Many years ago I worked near a little place that served this as the house special. Once in a blue moon I would treat myself and order a plateful brimming with mashed potatoes and dirty rice.....Thanks for jogging my memory of days gone by


----------



## Constance (Oct 9, 2005)

Cajun or not, it's definately Southern...and I doubt if a Cajun would turn it down!


----------



## mish (Oct 9, 2005)

Don't want to be redundant... so in a word Ooh La La.  Looks great, Allen.  I don't care for hot and spicy, and always looking for new ideas/ways to prepare chicken.  Thank you.


----------



## Alix (Oct 10, 2005)

How did I miss this one? I am putting it into my files now. I think this one will go over well with the kiddos. Anyone try this yet? If so, how did you do the chicken?

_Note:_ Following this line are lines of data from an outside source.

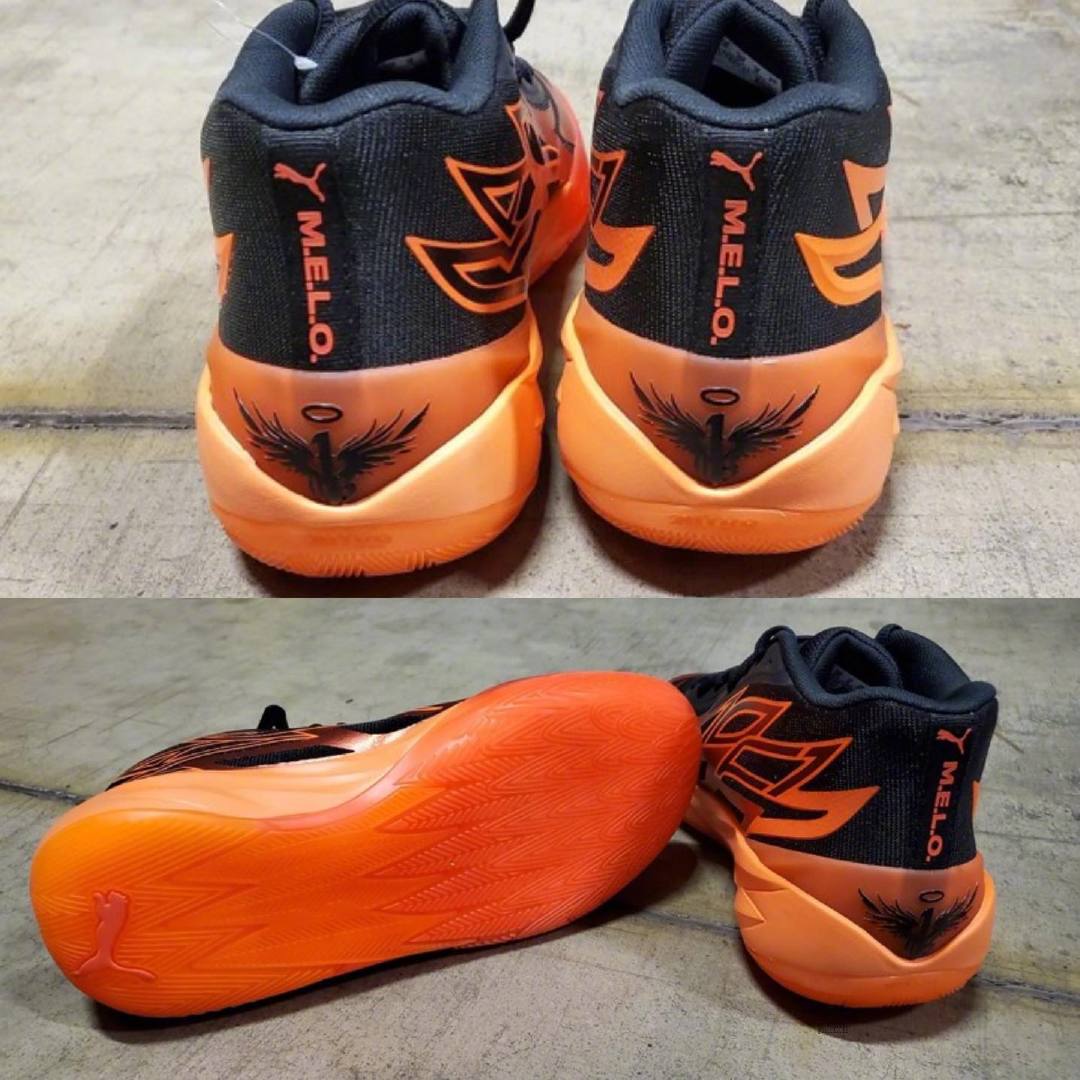 三球的第二代签名鞋pumamb02曝光依然满满的葬爱家族即视感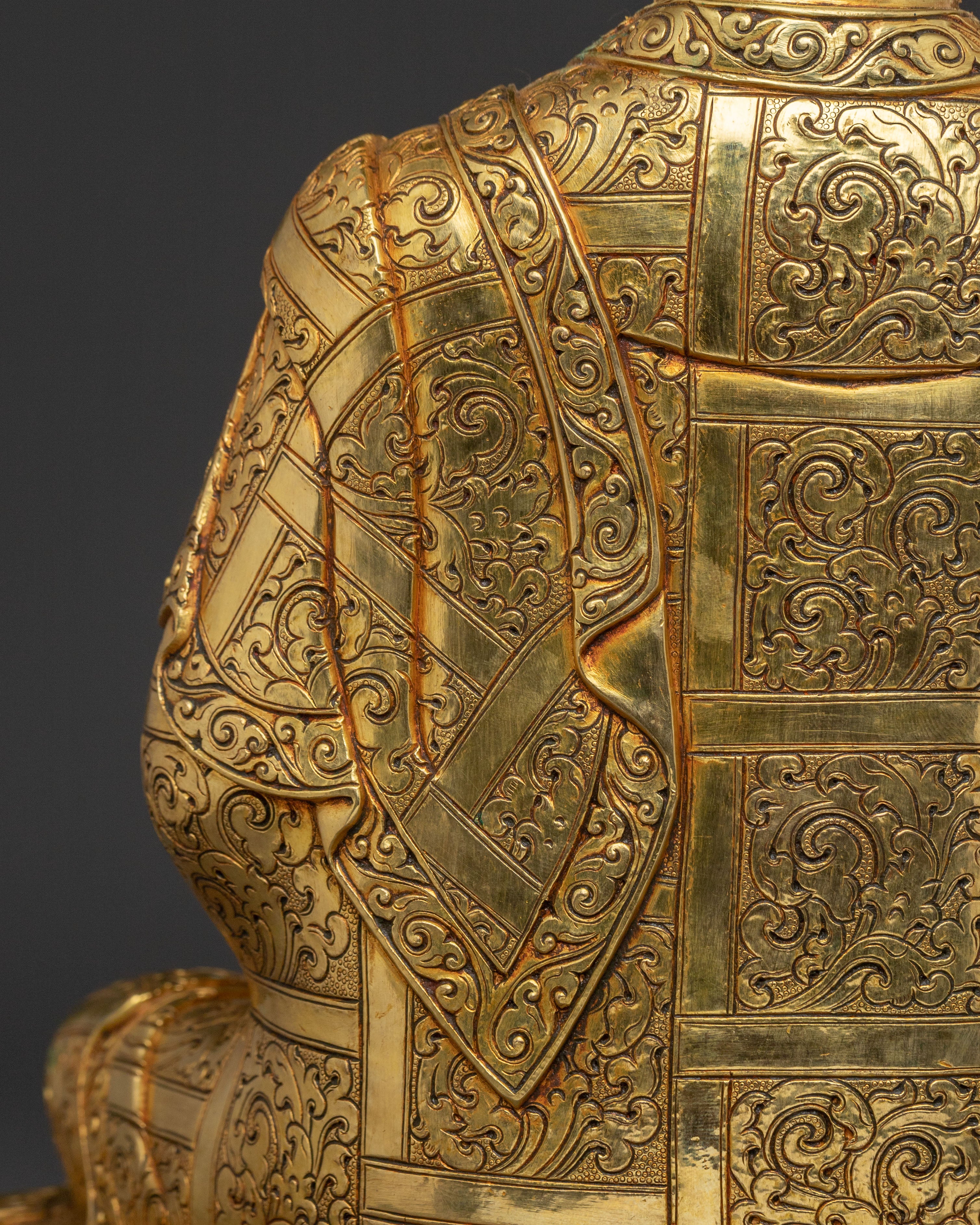 Amitabha Buddha Meditation Statue | Compassion Figure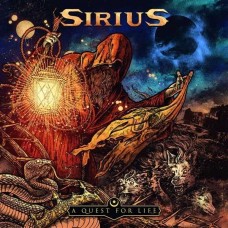 SIRIUS-A QUEST FOR LIFE (CD)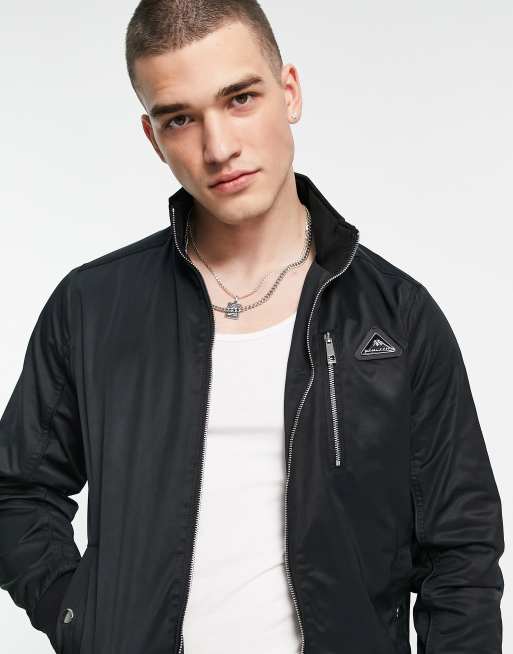 River island racer sales jacket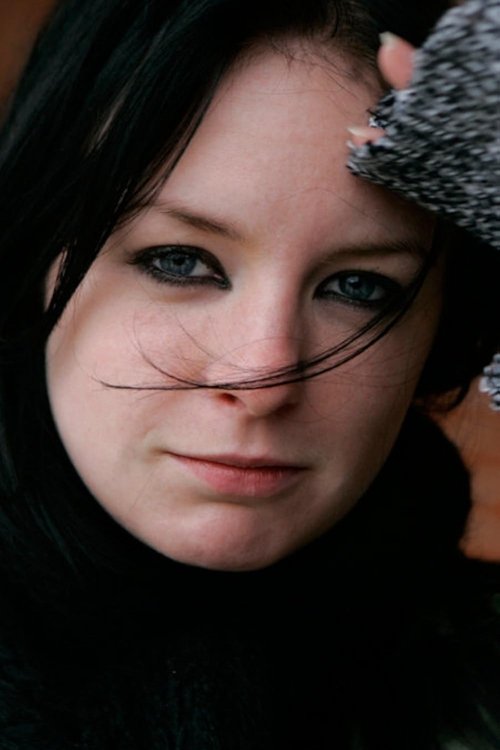 Mette Riber Christoffersen as Maria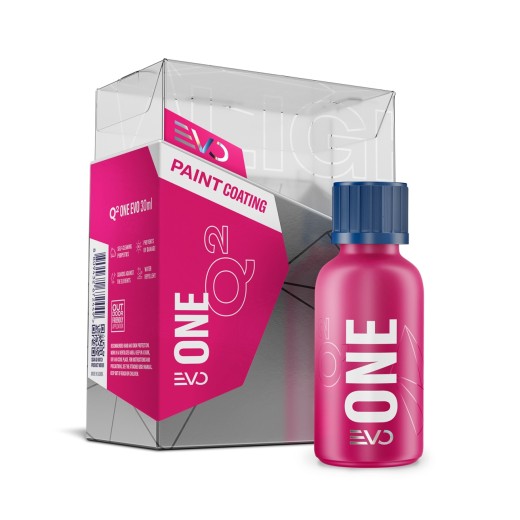 Protecție ceramică Gyeon Q2 One EVO Lightbox (30 ml)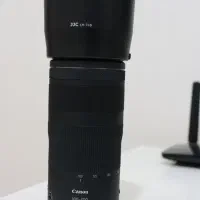 لنز RF 100-400mm کنون در حد نو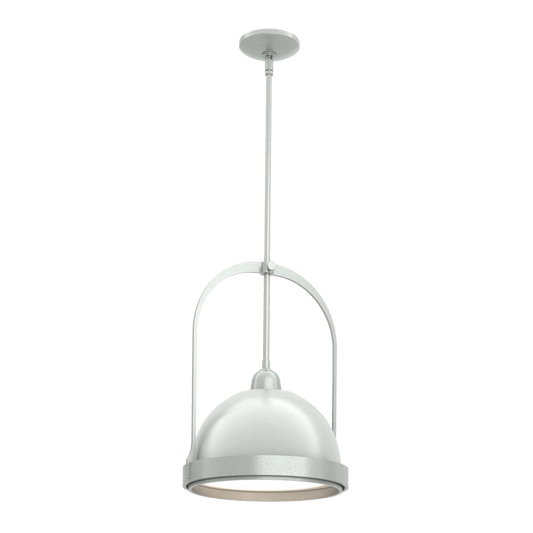 Atlas Small Pendant - Vintage Platinum by Hubbardton Forge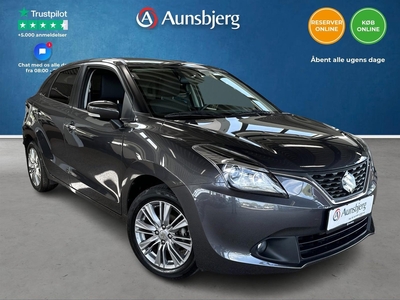 Suzuki Baleno 1,2 Dualjet Exclusive 5d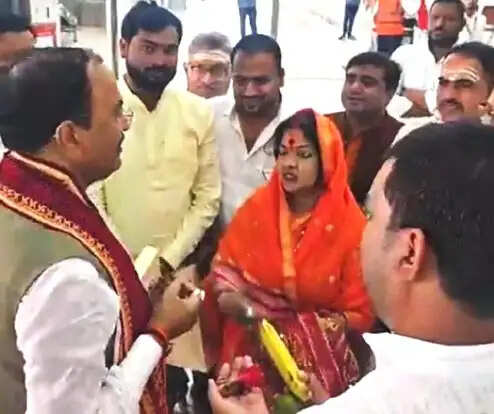 ममता सरकार ने अपने व्यवहार से लोकतंत्र की सीमा लांघी&nbsp;:&nbsp;केशव प्रसाद मौर्य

I am thinking I would either do it in the oven or on the BBQ.


----------



## mudbug (Oct 10, 2005)

Constance said:
			
		

> and I doubt if a Cajun would turn it down!



Cajuns don't turn any kind of food down, Connie.  For true!  I always liked the way Justin Wilson would describe numbers of servings on his Cajun cooking show:

"Feeds about 2 Cajuns and 12 regular people."


----------



## Constance (Oct 11, 2005)

That's because they cook such wonderful food, Mudbug!


----------



## GB (Oct 11, 2005)

mudbug said:
			
		

> I always liked the way Justin Wilson would describe numbers of servings on his Cajun cooking show:
> 
> "Feeds about 2 Cajuns and 12 regular people."


Wow maybe I am Cajun and just didn't know it


----------



## Piccolina (Oct 12, 2005)

GB said:
			
		

> Wow maybe I am Cajun and just didn't know it


LOL, I wonder if my DH is Cajun and doesn't know it too, GB! I tease him that he has two hollow legs!


----------



## Corinne (Oct 15, 2005)

This looks great. Copied, pasted & sent to myself. I wonder if this would be similiar to TGIFriday's Bourbon Chicken Bites. Actually, I think theirs is breaded but this sounds like it would work if I cubed the chicken, breaded, fried it & covered it with the sauce. Thank you!


----------



## Alix (Dec 7, 2006)

OK, I did this tonight. Marinated the chicken breasts a bit first, then did them in the frying pan and poured the sauce over them in a casserole and let them bake for awhile. Served over rice and with a nice green salad. It was lovely Allen. I think next time I'm going to amp it up with some chiles. And maybe a little bit of molasses to deepen the flavour. This gets a 4 out of 5 stars at our place.


----------



## kitchenelf (Dec 7, 2006)

Alix just told me she made this - I am ripping this page out right now and filing it!  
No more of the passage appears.